Sun Kin’s preceding release Dark Patterns saw mountainous psych-pop made by a stubbornly live version of the band, an attempt to depict the shallowness of algorithmic music selection. This stood in contrast to 2018’s Adoration Room, a self-produced-and-performed split with Brooklyn’s Miserable chillers that leaned into airy, synthesized bedroom pop. Kabir and Dark Patterns producer Geoff Saba decided to combine these approaches for Private Time, taking a new batch of ambient organ-driven bedroom pop songs and collaborating with members of the Sun Kin live collective to ripple them with humanity. The aim was to create songs that felt smooth yet divine, like the jazzy sophistication of Steely Dan or the transcendence of a piece by Ryuichi Sakamoto.

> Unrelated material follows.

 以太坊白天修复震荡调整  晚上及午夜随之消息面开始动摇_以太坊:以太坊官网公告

Now sporting a rhythm section shared with Oakland scorchers Everyone is Dirty, Sun Kin recorded basic tracks for the album at John Vanderslice’s Tiny Telephone studio in Oakland. They then worked on overdubs at Geoff’s Itinerant Home Recordings studio in Fruitvale, collaborating with other members of the Oakland indie-pop scene and recording vocal harmonies from Little Arcs, Sucker Crush & Fieldress, as well as saxophone dubs by Tiny Telephone engineer Adam Hirsch (Abe Hollow).

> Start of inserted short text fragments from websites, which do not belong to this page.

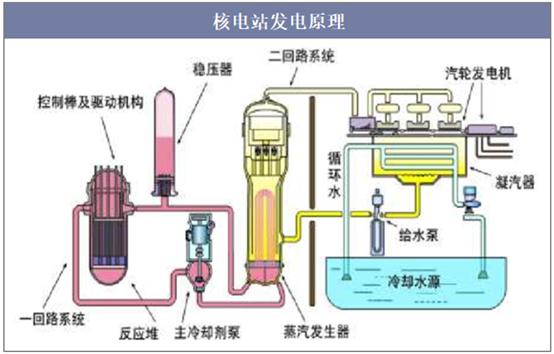 核电站是怎样发电的呢？核电项目发电过程-图1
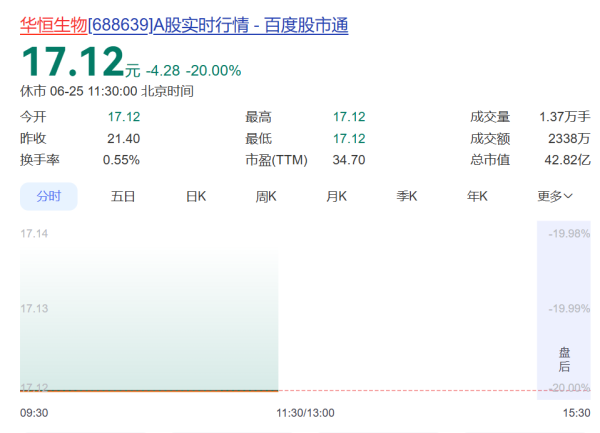 20%一字跌停，688639，董事长涉嫌非法吸收公众存款罪被刑拘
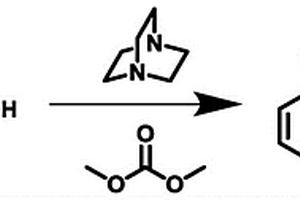 2,6-二卤代苯甲酸甲酯的制备方法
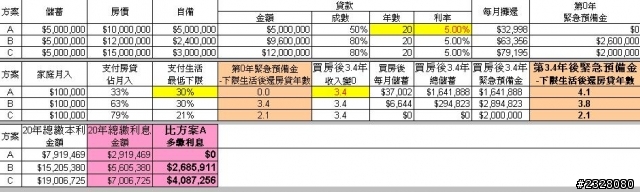 給首購的一點建議(不要走進建商房仲銀行構建的烏脫邦)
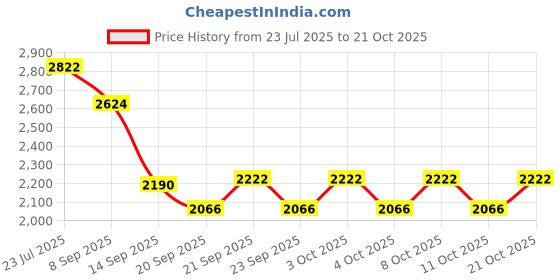 flipkart.com indian decor Wine Shelf Iron Glass Holder indian decor Price History Graph from 23 Jul 2025 to 21 Oct 2025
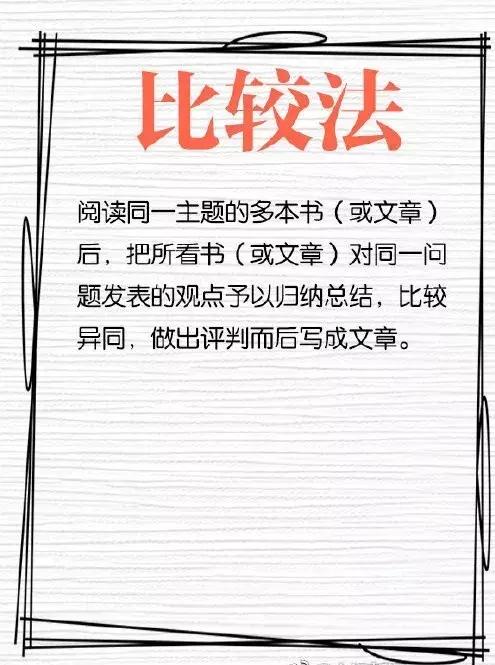 9种非常有用的读书笔记方法丨收藏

Many of the stories in Private Time ponder the weight of tradition, the way societal narratives about “how things have always been” can erase a life of possibility. Pressure from Asian immigrant families to accumulate riches, produce children, and cement monogamous partnerships seem ludicrous when stacked up against a world literally falling into the sea in “Small Gestures.” Like the Man de la Mancha tilting at photocopiers, the narrator of “IDKY” steals time from an office job to make grandiose, anachronistic art in the face of rampant profiteering. In “Boyfriend’s Car,” a codependent couple crashes when both partners rest the weight of their trauma on each other and forget to watch the road.

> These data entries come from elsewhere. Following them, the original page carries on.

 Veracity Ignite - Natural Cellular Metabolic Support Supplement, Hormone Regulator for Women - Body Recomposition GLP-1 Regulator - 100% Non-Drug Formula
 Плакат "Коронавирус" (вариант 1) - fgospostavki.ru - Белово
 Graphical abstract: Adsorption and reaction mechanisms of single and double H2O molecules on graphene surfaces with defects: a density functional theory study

The climactic “Moon-Crane” zooms in on Kabir’s dad RP and his relationship with disabled big brother Kiran, who passed away in July of 2018. For more than six years after the passing of Kabir’s Dada (paternal grandfather), RP would fly back and forth across the world to New Delhi to take care of Kiran as his condition worsened. The song describes watching in awe and sadness while RP begs his brother to speak, to try to pull him back as he loses the will to live. It’s a moment of witnessed grace, however painfully observed, that provides relief from the crushing weight of inherited and self-imposed narratives documented throughout the rest of the album.